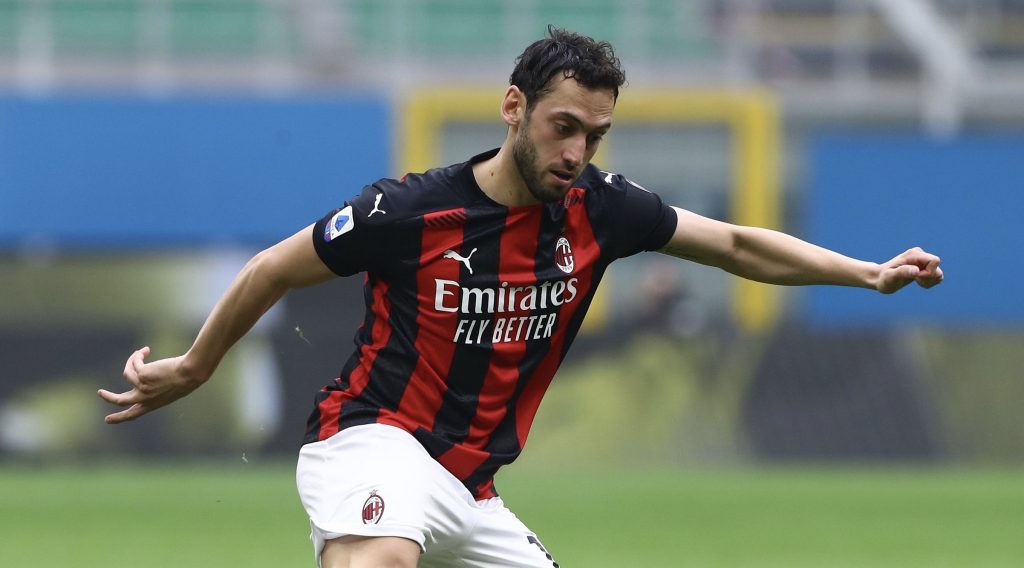 Hakan Calhanoglu AC Milan
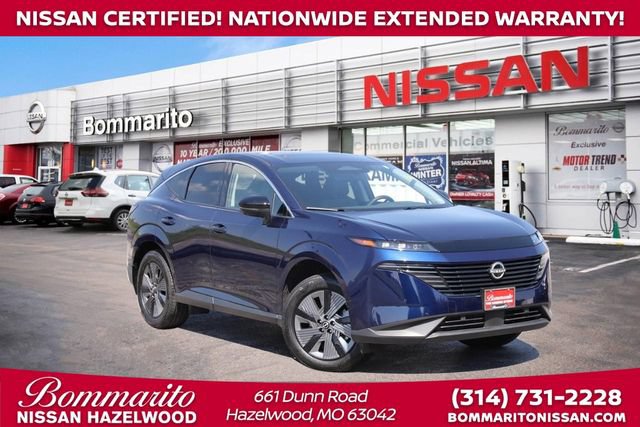 Certified 2025 Nissan Murano SL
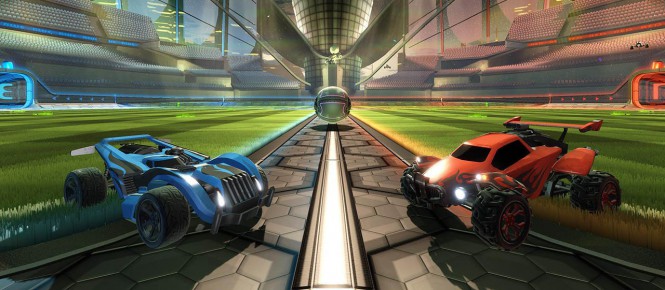 Un DLC Retour vers le Futur pour Rocket League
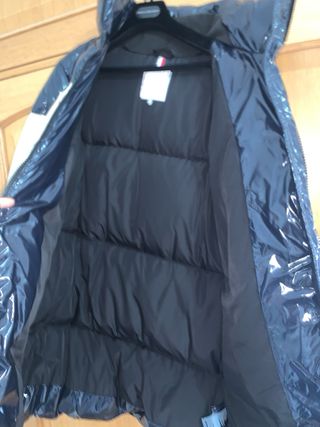 Chaquetón acolchado Tommy Hilfiger tricolor
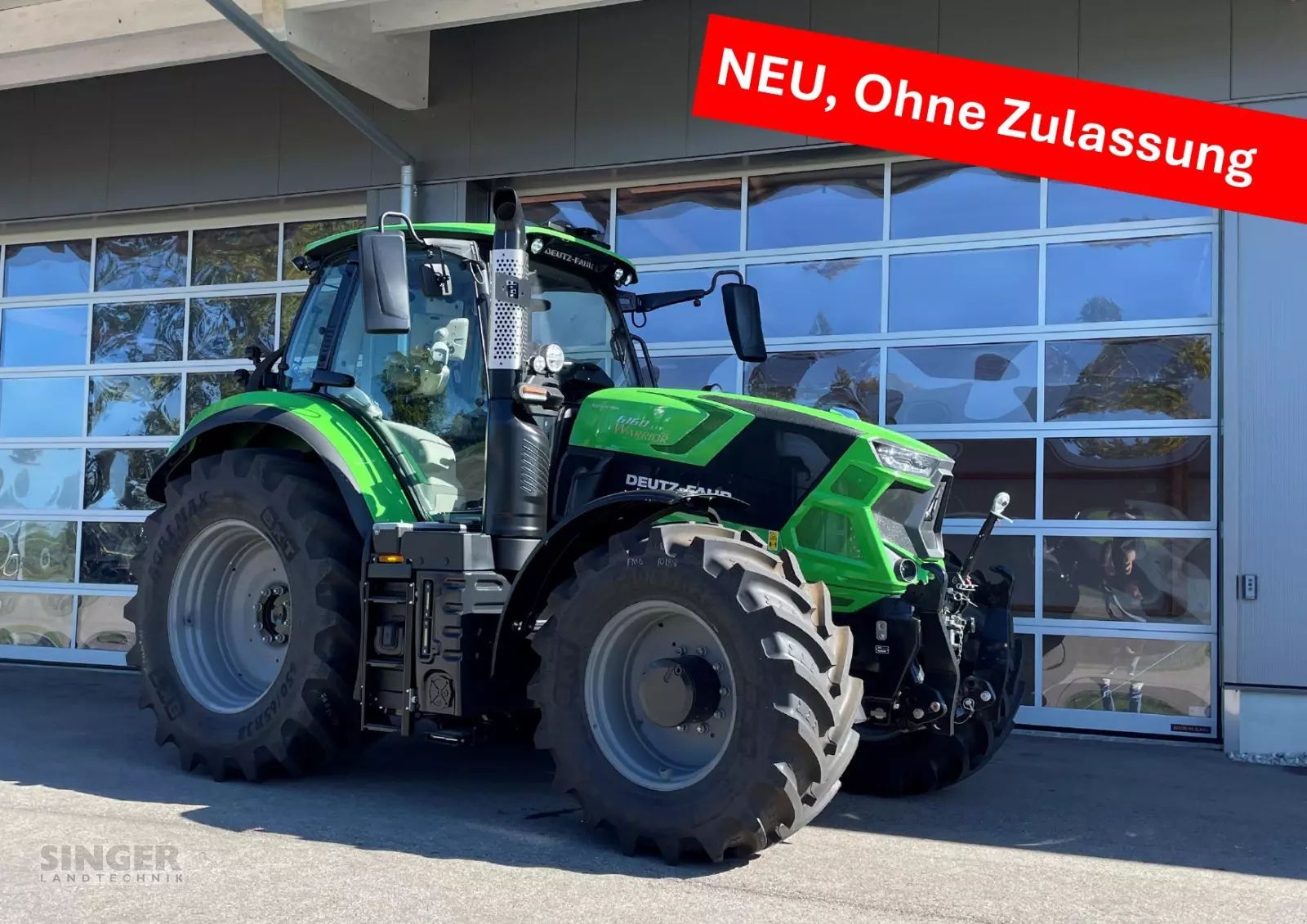 Deutz-Fahr AgroTron 6160 TTV Traktor 129 000 €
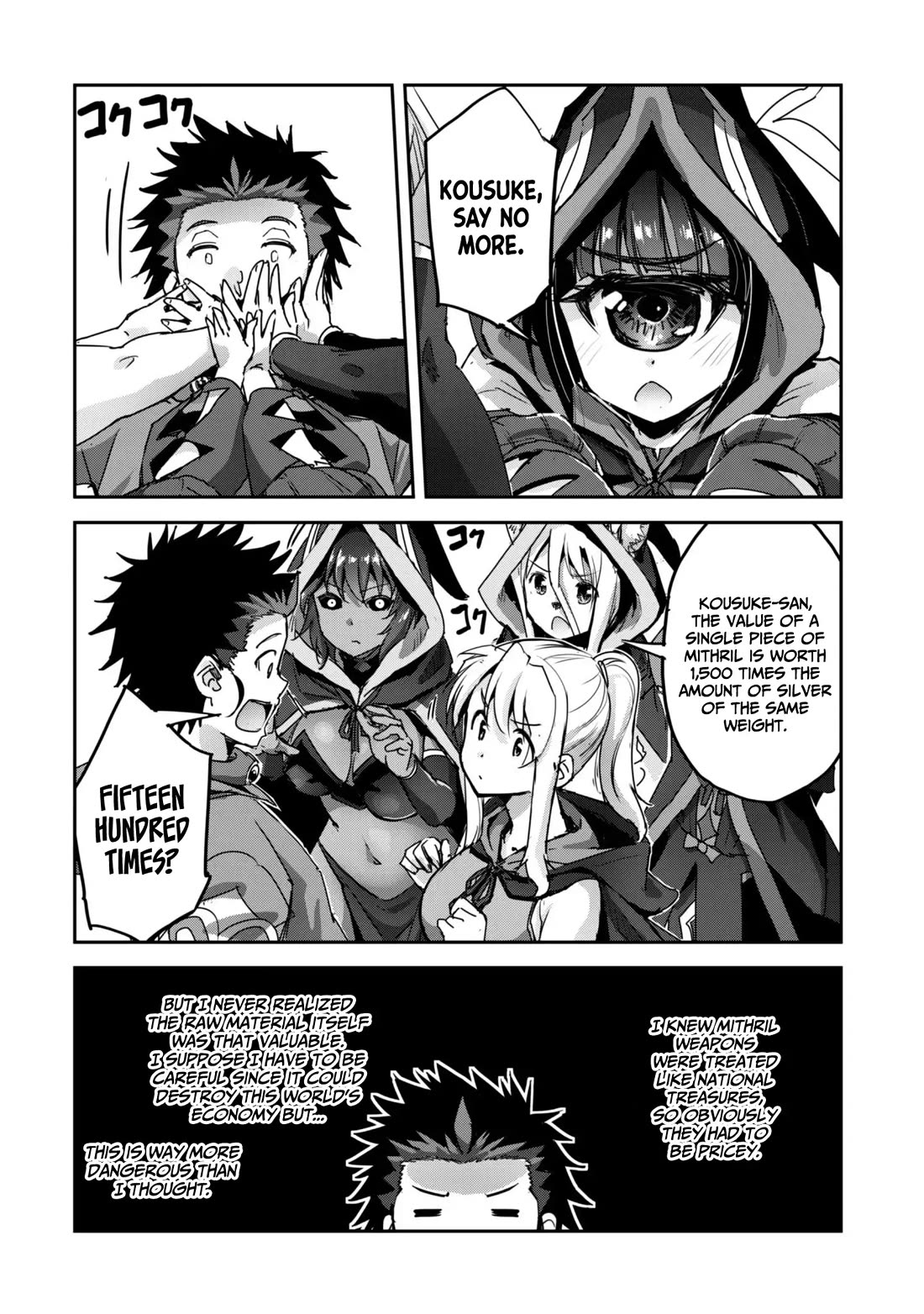 Craft Game no Nouryoku de Isekai Kouryaku!! chapter 60 page 7
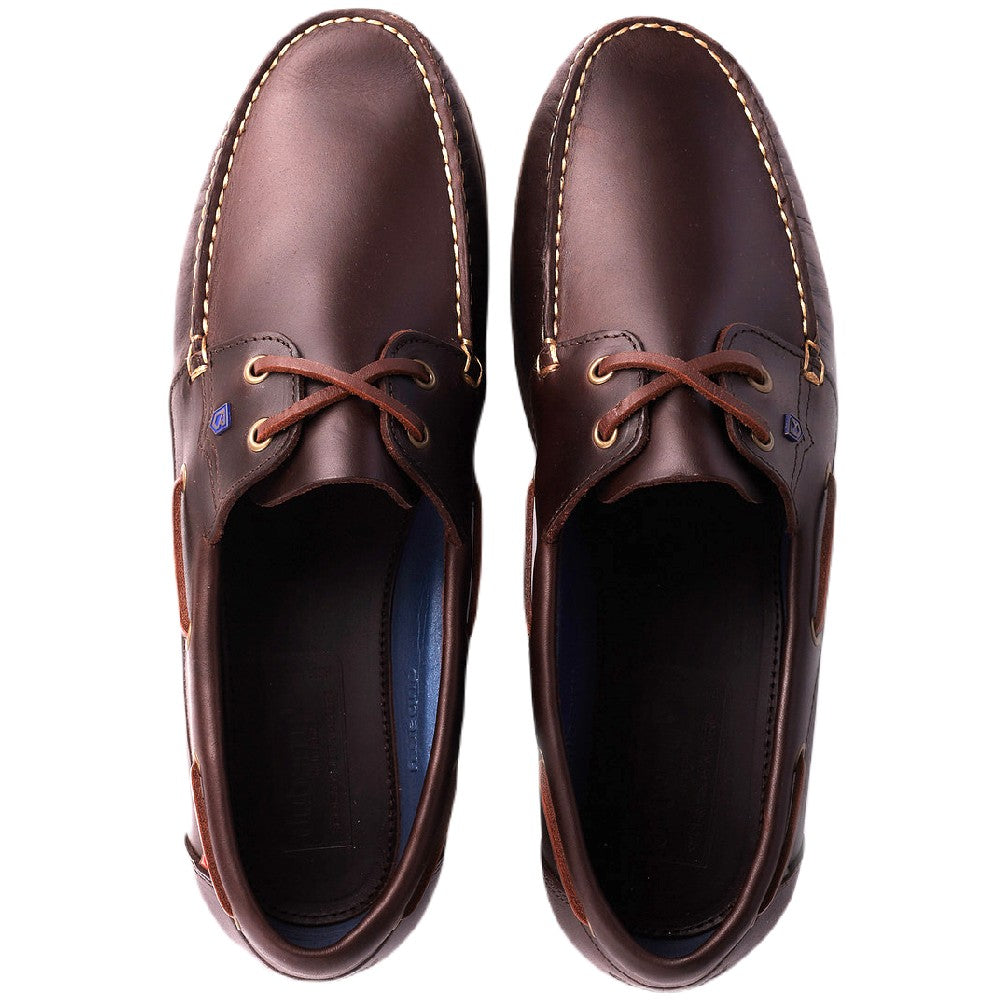 Dubarry Mens Port Deck Shoes in Old Rum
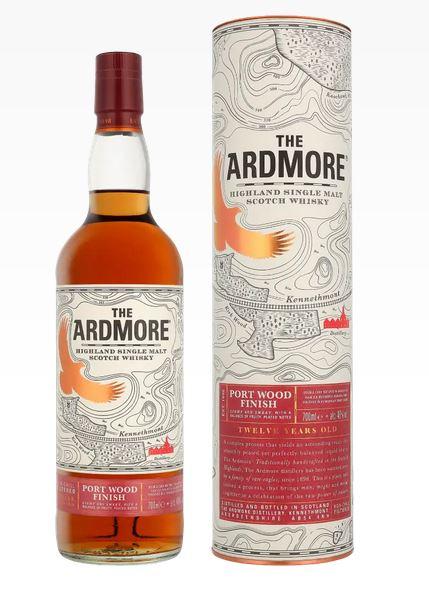 Ardmore 12 Years Portwood + Gb 70cl 46 % vol 43,50€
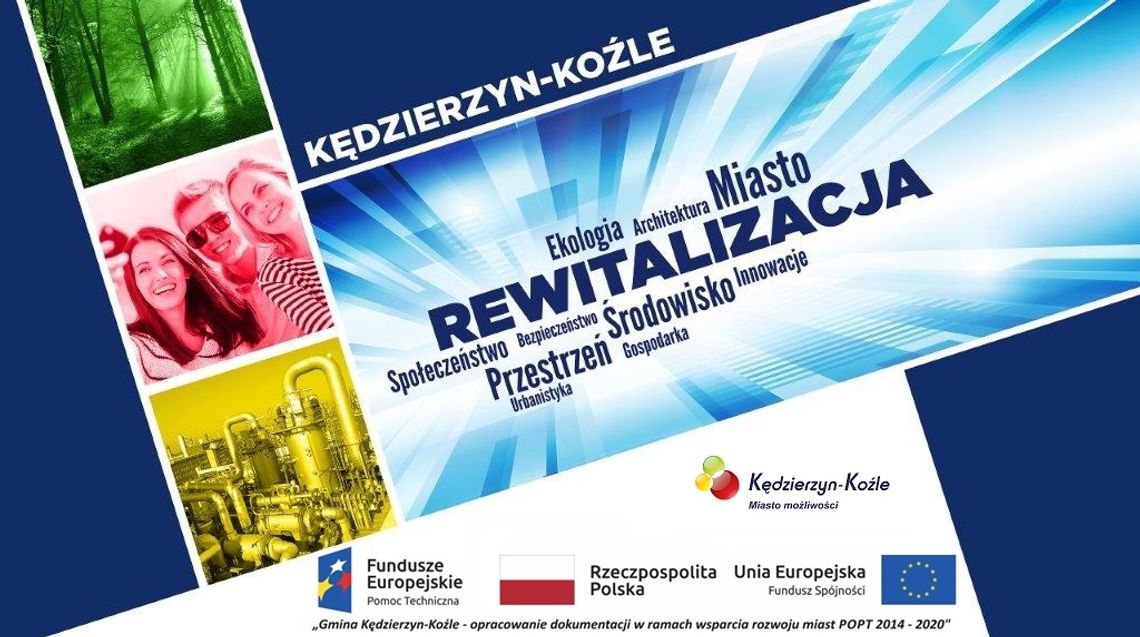 Urząd opracowuje nowy program rewitalizacji Kędzierzyna-Koźla. Będą konsultacje z mieszkańcami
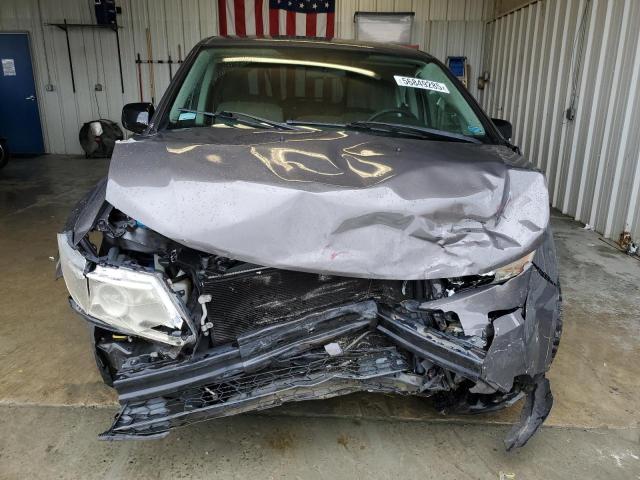 5FNRL5H40DB069832 - 2013 HONDA ODYSSEY EX CHARCOAL photo 5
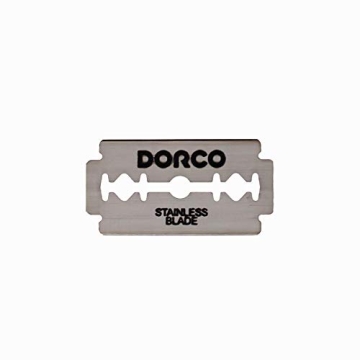 Dorco ST300 Double Edge Razor Blades - 100 Blades Pack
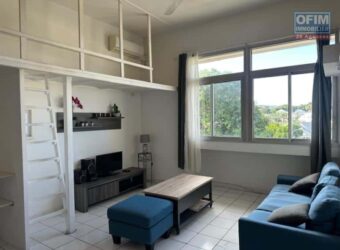 À louer un superbe appartement T2 meublé de 49 m2 situé en plein coeur de Saint Pierre, Réunion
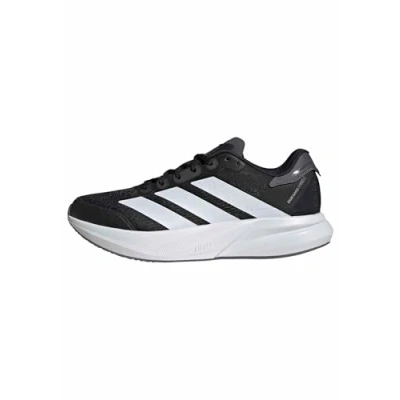 Afbeelding van adidas Performance Duramo Speed Hardloopschoenen voor op de weg, Heren, Maat: 48 2/3, Core black/footwear white/grey five Textiel/ synthetisch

**Exercise goal**:
From the first line to the last, output the data exactly; skip any pictures.

**Problem solution**:
 Hakan Calhanoglu AC Milan
 Certified 2025 Nissan Murano SL
 Un DLC Retour vers le Futur pour Rocket League
 Chaquetón acolchado Tommy Hilfiger tricolor
 Deutz-Fahr AgroTron 6160 TTV Traktor 129 000 €
 Craft Game no Nouryoku de Isekai Kouryaku!! chapter 60 page 7
 Dubarry Mens Port Deck Shoes in Old Rum
 Ardmore 12 Years Portwood + Gb 70cl 46 % vol 43,50€
 Urząd opracowuje nowy program rewitalizacji Kędzierzyna-Koźla. Będą konsultacje z mieszkańcami
 5FNRL5H40DB069832 - 2013 HONDA ODYSSEY EX CHARCOAL photo 5
 Dorco ST300 Double Edge Razor Blades - 100 Blades Pack
 À louer un superbe appartement T2 meublé de 49 m2 situé en plein coeur de Saint Pierre, Réunion
 Afbeelding van adidas Performance Duramo Speed Hardloopschoenen voor op de weg, Heren, Maat: 48 2/3, Core black/footwear white/grey five Textiel/ synthetisch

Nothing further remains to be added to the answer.